→ **WHAT THE TASK ASKS**
Return an exact copy of the lines from the one holding "Седан Volvo S60 2013 в Львове" to the end of the data, including both the starting and final lines. Leave the pictures out.

(Pictures with short captions)
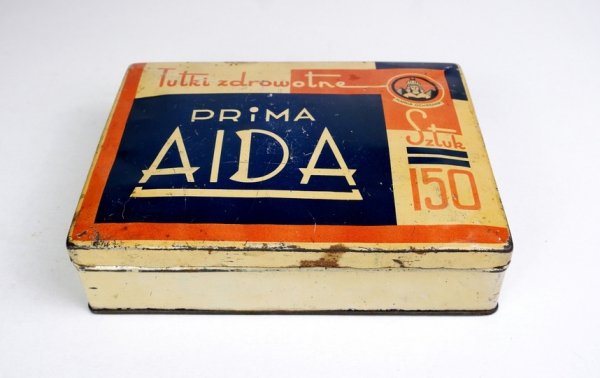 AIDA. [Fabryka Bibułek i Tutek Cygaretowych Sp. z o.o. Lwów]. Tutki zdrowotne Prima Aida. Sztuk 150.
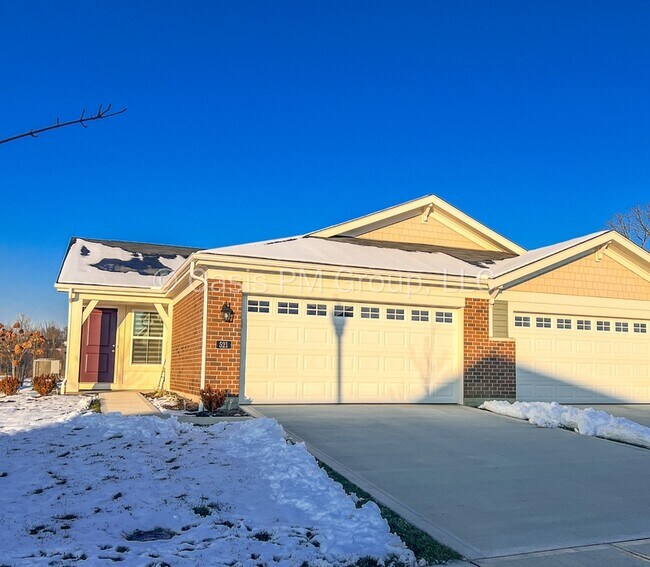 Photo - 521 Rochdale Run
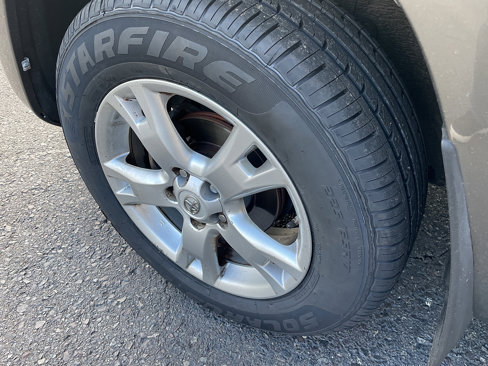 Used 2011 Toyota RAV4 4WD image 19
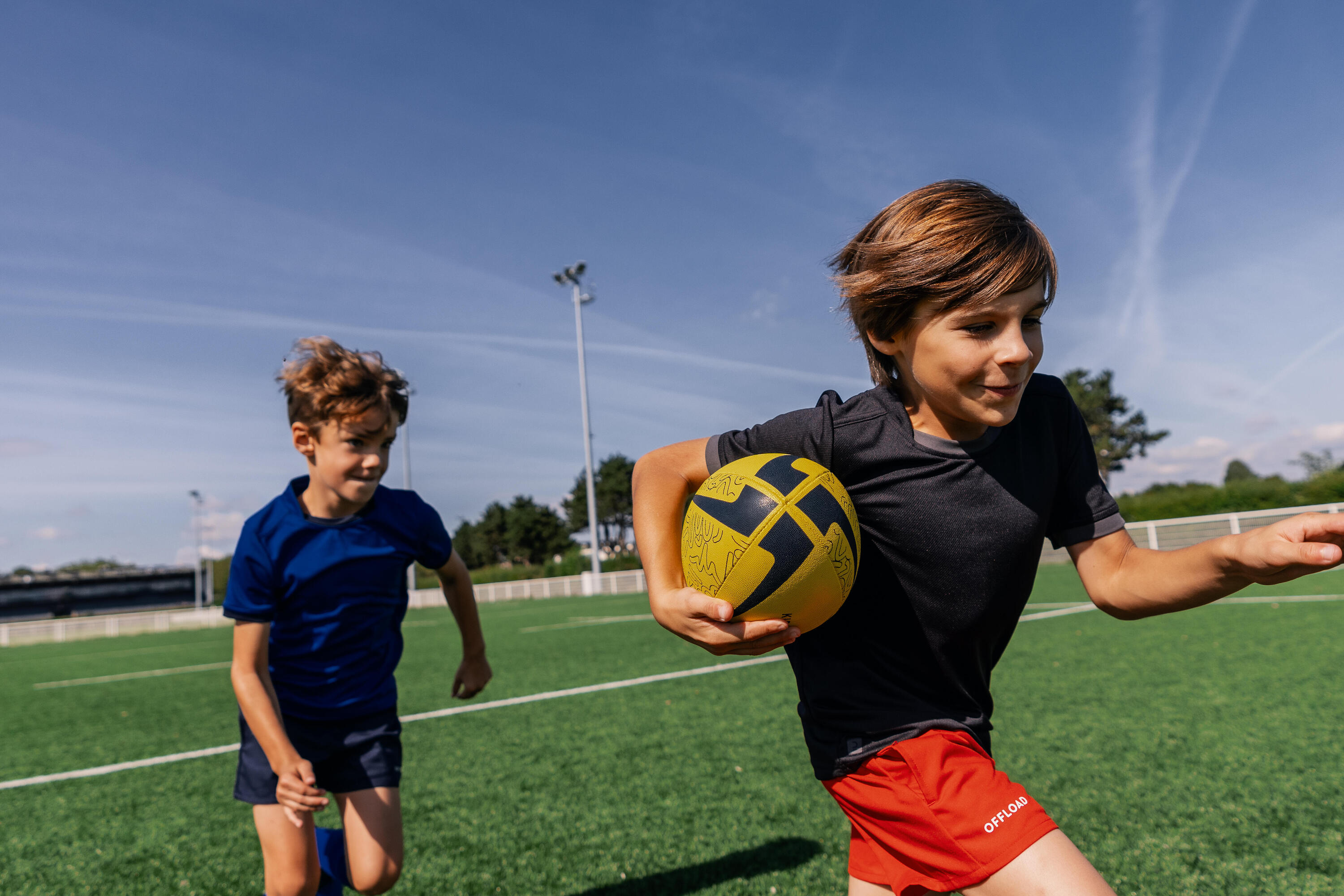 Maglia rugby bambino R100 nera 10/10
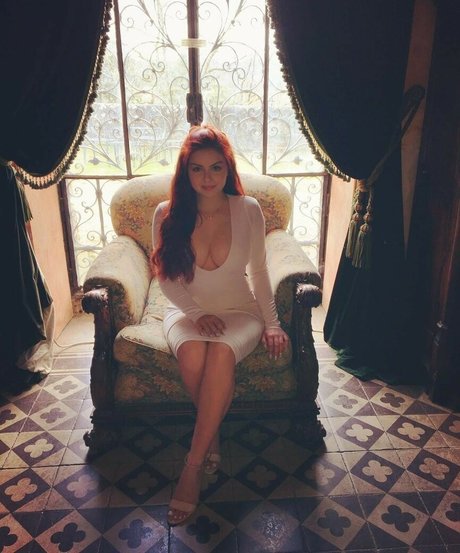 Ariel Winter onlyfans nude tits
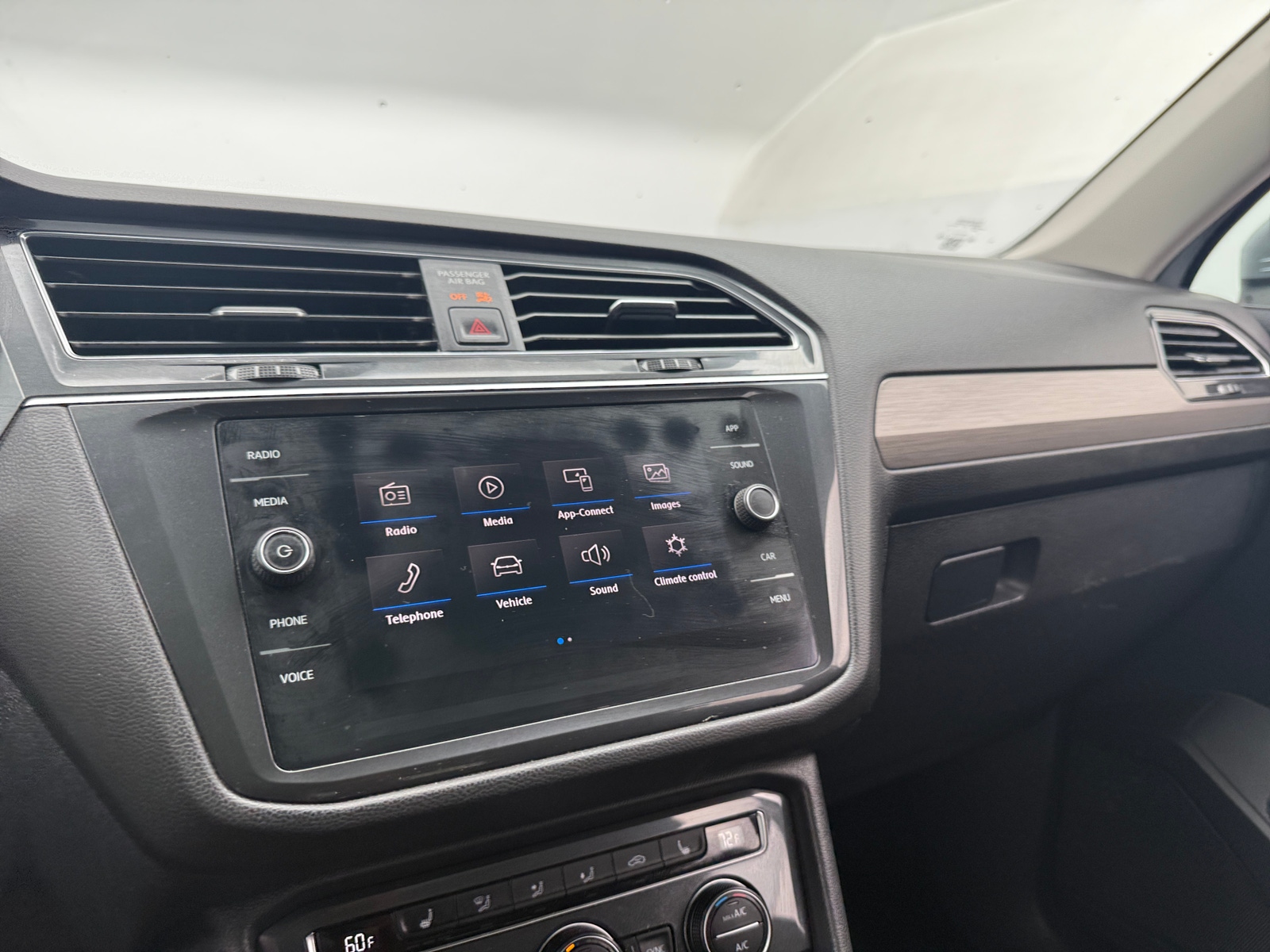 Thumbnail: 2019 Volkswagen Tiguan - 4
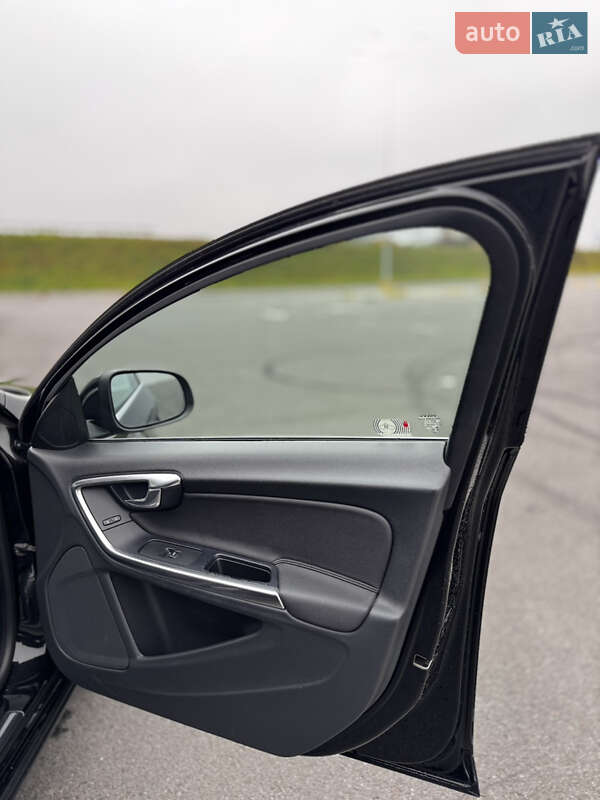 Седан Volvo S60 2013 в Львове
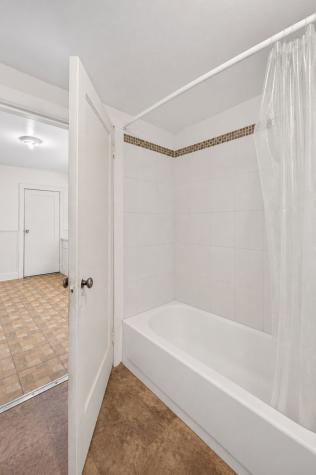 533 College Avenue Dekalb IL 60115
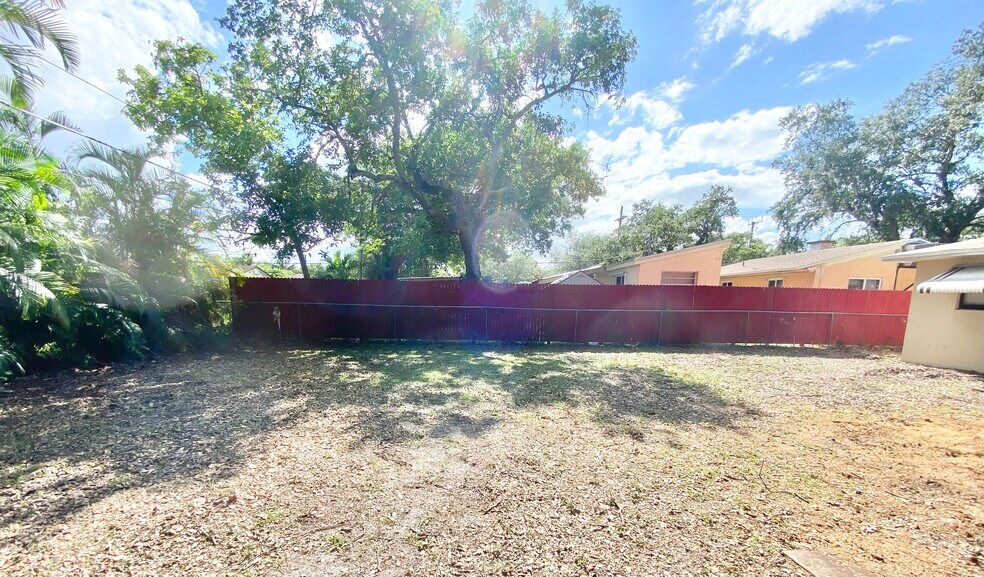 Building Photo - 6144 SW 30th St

→ **RESULT FOR THIS EXERCISE**
 Седан Volvo S60 2013 в Львове
 533 College Avenue Dekalb IL 60115
 Building Photo - 6144 SW 30th St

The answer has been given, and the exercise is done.